Extracted records
....
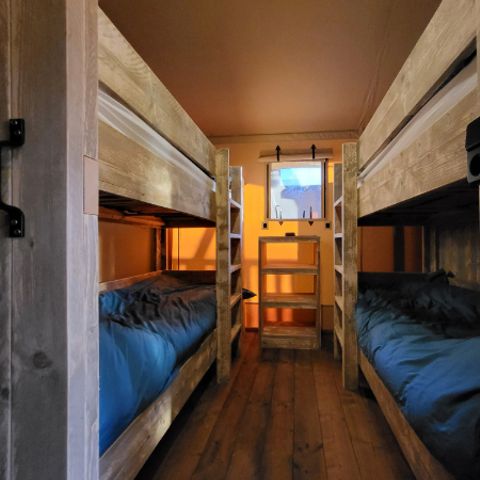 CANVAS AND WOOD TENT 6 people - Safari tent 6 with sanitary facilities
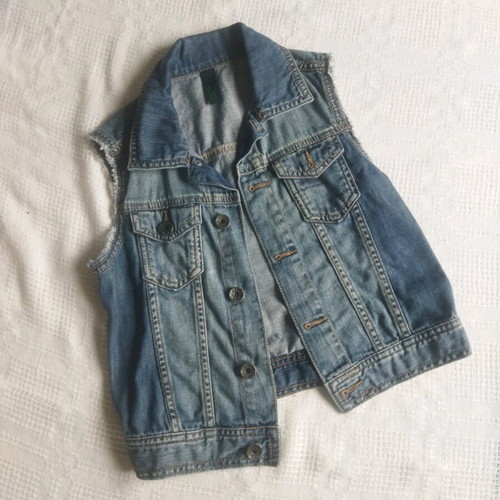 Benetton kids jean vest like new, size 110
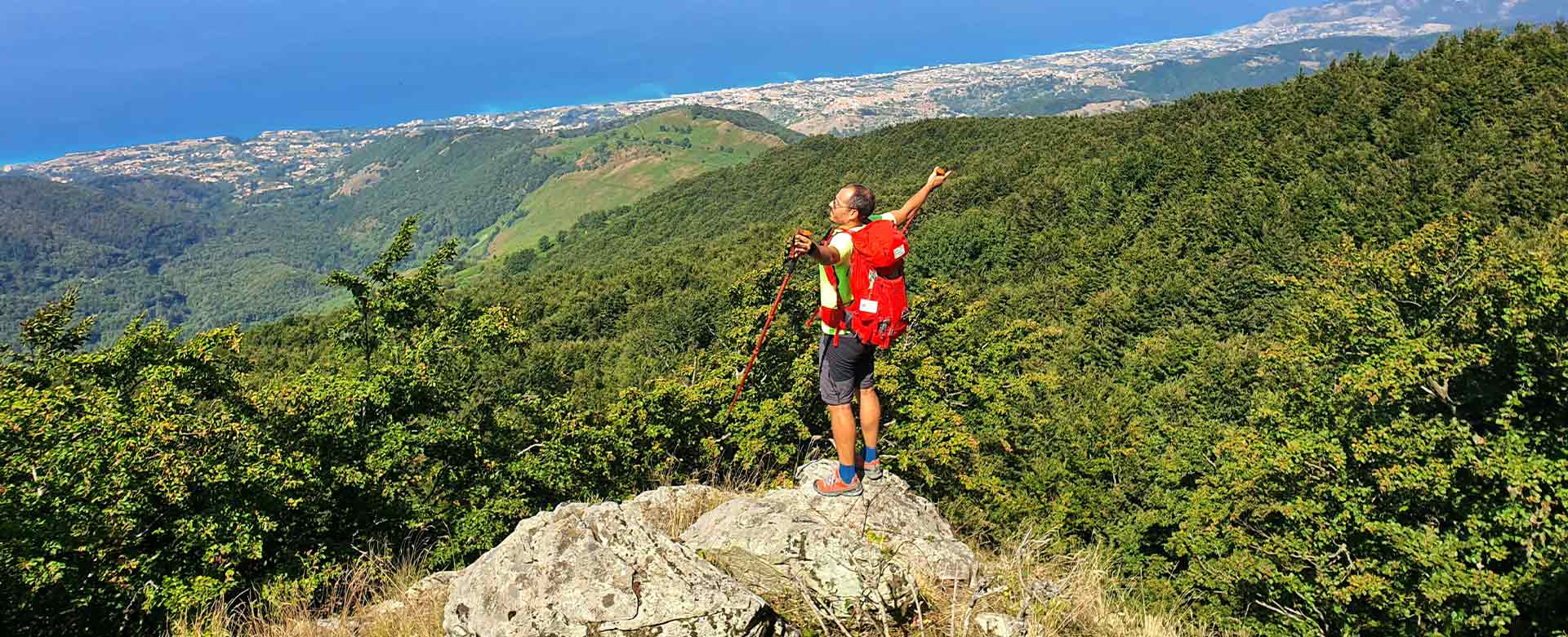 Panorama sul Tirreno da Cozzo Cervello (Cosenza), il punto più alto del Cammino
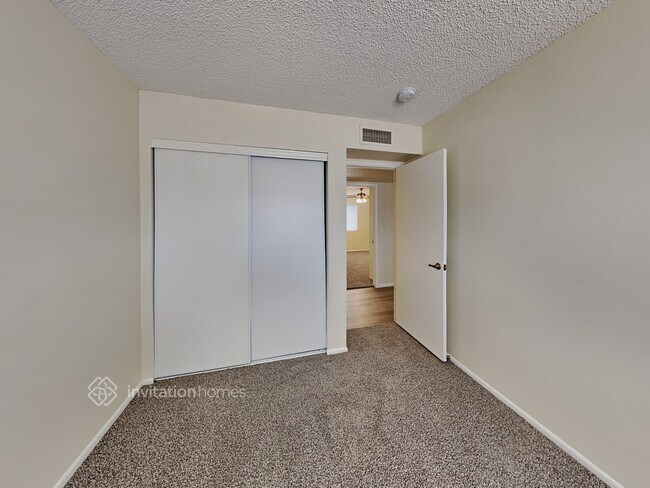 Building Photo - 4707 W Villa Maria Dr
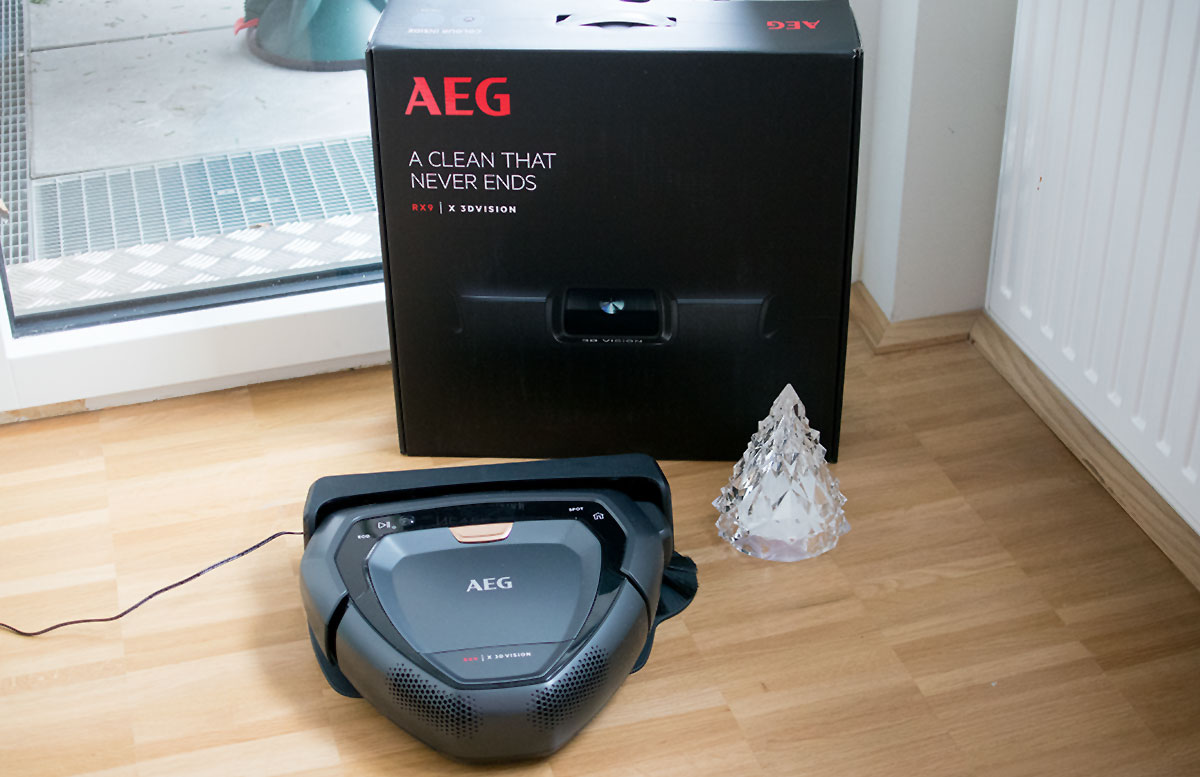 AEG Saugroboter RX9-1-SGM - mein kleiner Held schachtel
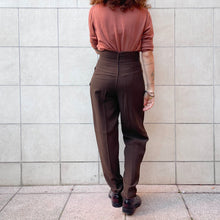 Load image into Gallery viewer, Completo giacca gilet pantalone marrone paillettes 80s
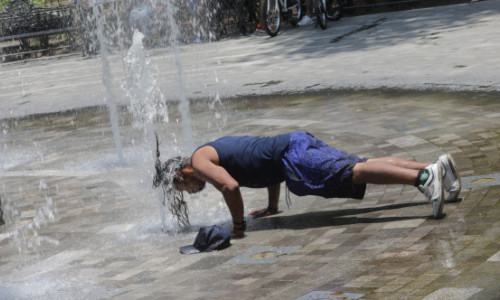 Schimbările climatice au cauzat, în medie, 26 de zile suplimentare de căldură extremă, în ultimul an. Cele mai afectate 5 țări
....
Problem:
All that is wanted is an exact copy of the lines from the line bearing "Load image into" through the final line of the entries, including both ends but no pictures.

Exercise result:
 Load image into Gallery viewer, Completo giacca gilet pantalone marrone paillettes 80s
 Schimbările climatice au cauzat, în medie, 26 de zile suplimentare de căldură extremă, în ultimul an. Cele mai afectate 5 țări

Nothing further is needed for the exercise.